= Ralph Broome (pamphleteer) =

English pamphleteer and poet (1742–1805)

Ralph Broome (1742–1805) was an English stockjobber, pamphleteer and satirical poet. Several of his works argued in defence of Warren Hastings during the latter's impeachment proceedings.

==Life and career==
The third son of Ralph Broome (1714–1768) of the manor of Bushton, Wiltshire, Broome was sent as a cadet to India, where he acquired Oriental languages, including Persian, and became a judge advocate with the rank of captain in the Bengal Army.

While in India, Broome fathered a daughter, Miriam (c. 1781–1840), by an unknown Indian lady. The girl accompanied him back to England in about 1785. An Amelia Margaret Broome, mentioned in Ralph Broome's will, may be an illegitimate daughter of Miriam, or possibly of her father. In 1803, Miriam was married to Broome's lawyer nephew, also named Ralph Broome (1781–1838).

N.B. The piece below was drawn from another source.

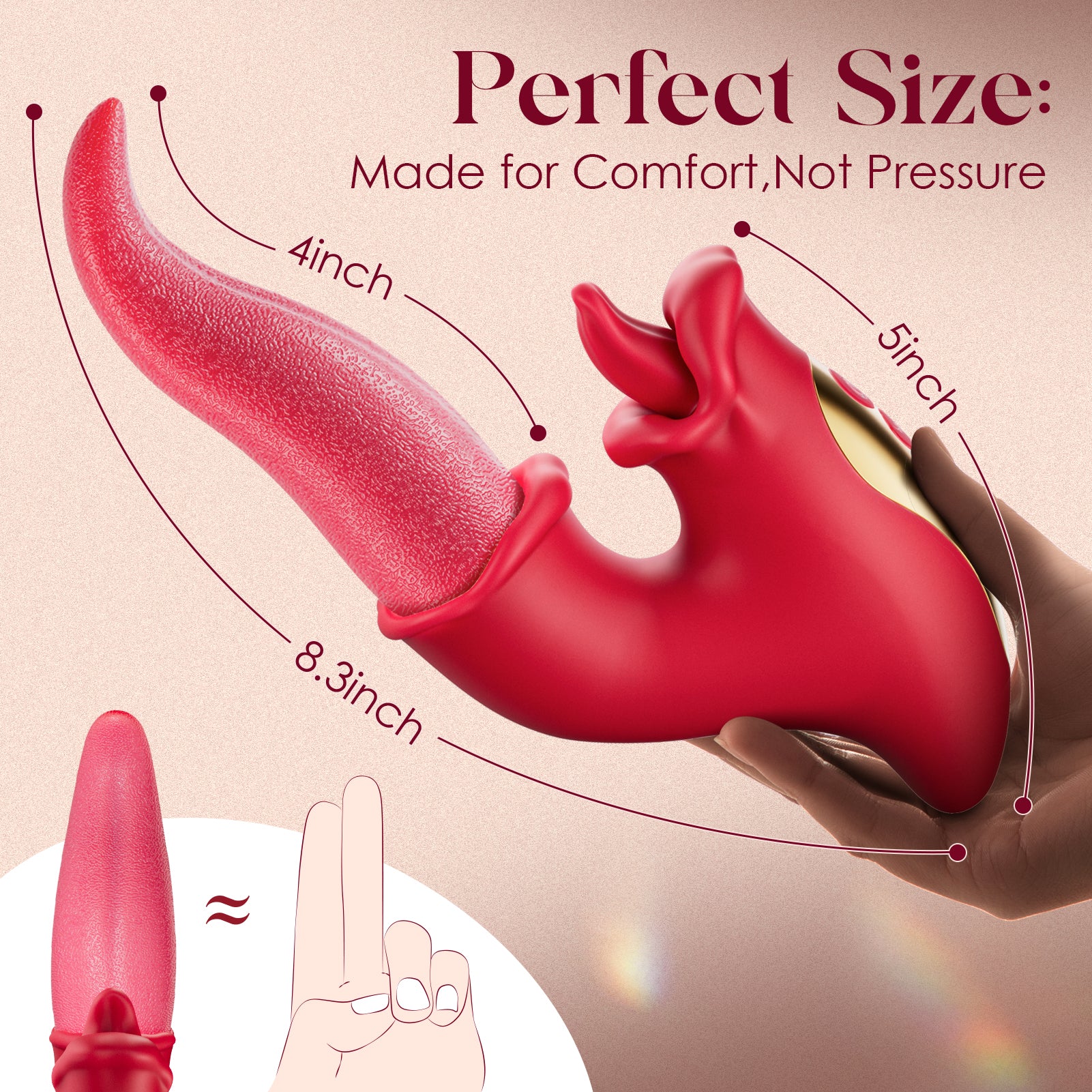 MOOLIGIRL Tongue Toy for Women - 3 in 1 Tongue Vibrator Women Sex Toys G Spot Vibrator with 10 Swinging & Vibration & Licking Modes, Female Sex Toys Thrusting Vibrator Adult Toys for Couples Sex Toy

In 1790, Broome himself married Lucy Jeffreys, a daughter of Richard Jeffreys of Penkelly, Brecknockshire, Wales, but she died at Bristol Hot Wells in 1796. He then married the widowed Charlotte Ann Francis, née Burney (1761–1838), on 28 February 1798. Their only child was a son, Ralph, known as "Dolph" (1801–1817).

The marriage caused consternation to Charlotte's father Charles Burney, sister Frances Burney and other family members, mainly because of doubts about Broome's finances, although they became reconciled later. The Broomes moved to Bath, Somerset in about 1803, where Broome rapidly deteriorated mentally and physically and died "a howling death" on 24 February 1805, attended to the last by his wife and one or more daughters.

==Works==
Broome was a prolific pamphleteer and versifier. Although he had not known Warren Hastings personally in India, he attended the impeachment proceedings and argued in Hastings' defence in several works. Broome's published works include:
- Letters of Simkin the Second to his dear brother in Wales, containing a humble description of the trial of Warren Hastings, Esq. (1788)
- Letters of Simpkin the Second, Poetic Recorder, of all the proceedings upon the Trial of Warren Hastings (1789)
- An Elucidation of the Articles of Impeachment preferred by the last Parliament against Warren Hastings, Esq., later Governor of Bengal (1790)
- Letters from Simkin the Second to his dear brother in Wales, for the year 1790; giving a full and circumstantial account of all the most material points both in the speeches of the Honourable Managers, and in the written and oral evidence brought... during the trial of Warren Hastings, etc. (1790)
- A Comparative Review of Mr. Hastings and Mr. Dundas, in War and Peace (1791)
- An Examination of the Expediency of continuing the Present Impeachment (1791)
- Observations on Mr. Paine's Pamphlet Entitled the Decline and Fall of the English System of Finance... (1796)
- Strictures on Mr. Burke's Two Letters, Addressed to a Member of the Present Parliament (1796)
- Letters from Simpkin the Second, to his brother Simon, in Wales: dedicated without permission, to the ancient and respectable family of the Grunters. [A satire in verse, on Edmund Burke].